=== Provided information ===
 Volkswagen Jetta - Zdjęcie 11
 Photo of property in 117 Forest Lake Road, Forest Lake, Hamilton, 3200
===
=== Provided information ===
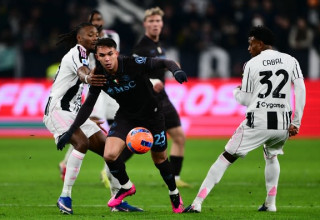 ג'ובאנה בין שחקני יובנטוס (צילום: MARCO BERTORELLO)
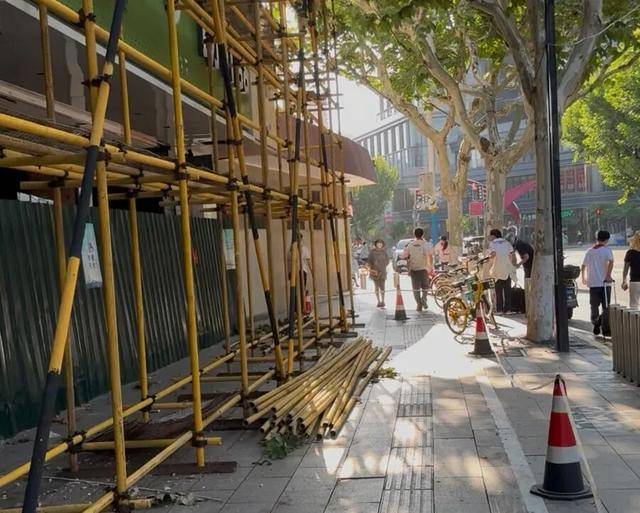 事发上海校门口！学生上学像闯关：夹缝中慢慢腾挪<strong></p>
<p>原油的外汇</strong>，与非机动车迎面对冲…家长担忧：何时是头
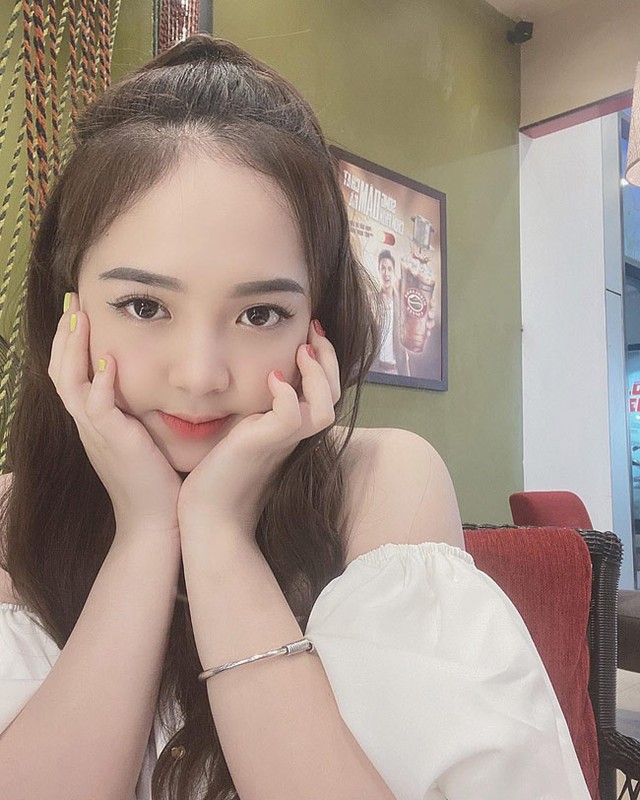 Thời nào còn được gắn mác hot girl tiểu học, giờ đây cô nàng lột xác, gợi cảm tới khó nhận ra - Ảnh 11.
===
=== Provided information ===
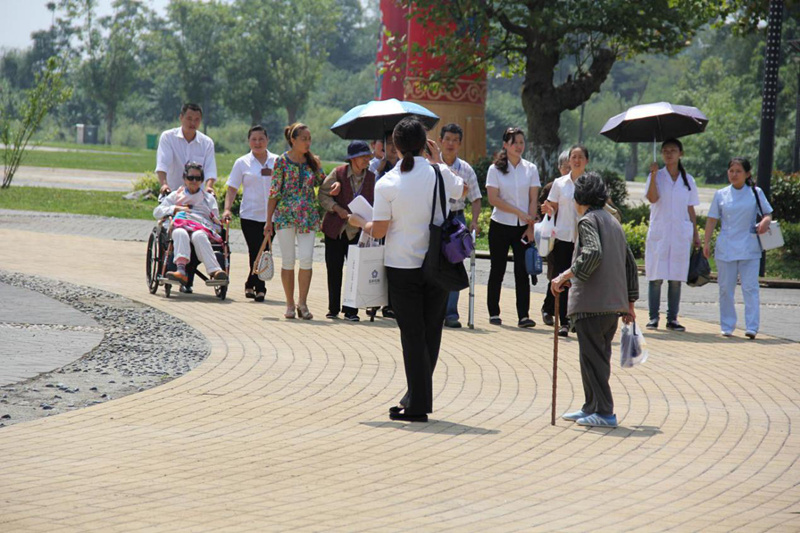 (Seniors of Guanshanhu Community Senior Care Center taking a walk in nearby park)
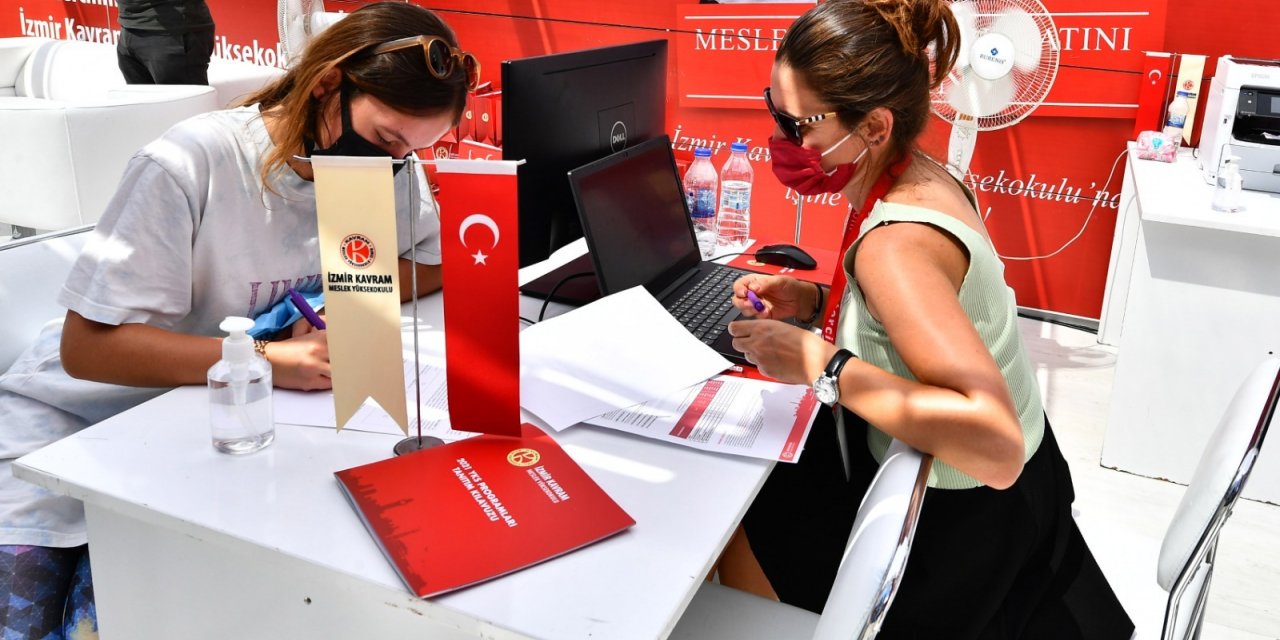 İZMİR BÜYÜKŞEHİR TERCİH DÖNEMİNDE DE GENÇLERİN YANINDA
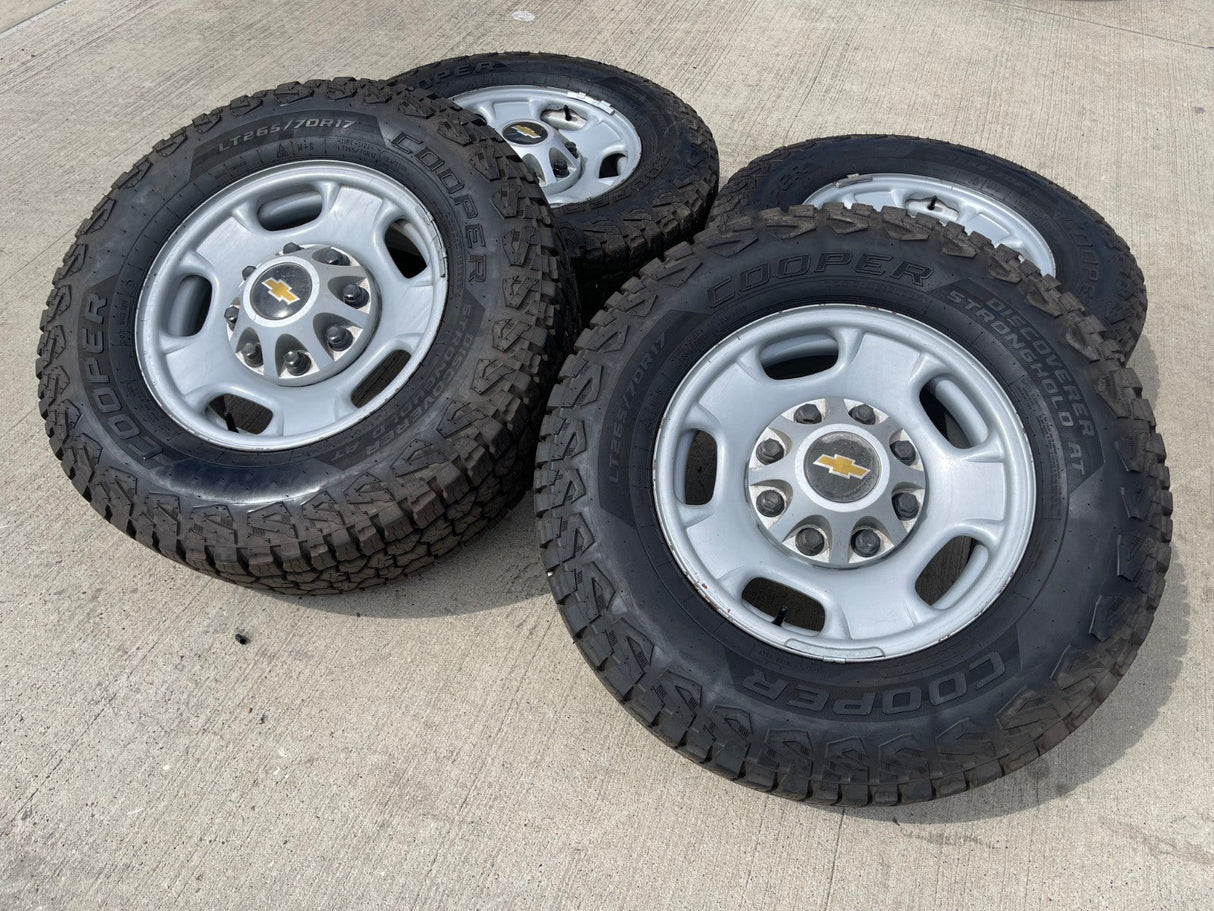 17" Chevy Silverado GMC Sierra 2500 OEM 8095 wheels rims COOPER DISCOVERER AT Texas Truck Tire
===
Problem statement -
What you write must match the listing exactly, from the line with "事发上海校门口！学生上学像闯关：夹缝中慢慢腾挪<strong></p>" up to and including the line with "Thời nào còn". Pictures stay out.

Exercise result -
 事发上海校门口！学生上学像闯关：夹缝中慢慢腾挪<strong></p>
<p>原油的外汇</strong>，与非机动车迎面对冲…家长担忧：何时是头
 Thời nào còn được gắn mác hot girl tiểu học, giờ đây cô nàng lột xác, gợi cảm tới khó nhận ra - Ảnh 11.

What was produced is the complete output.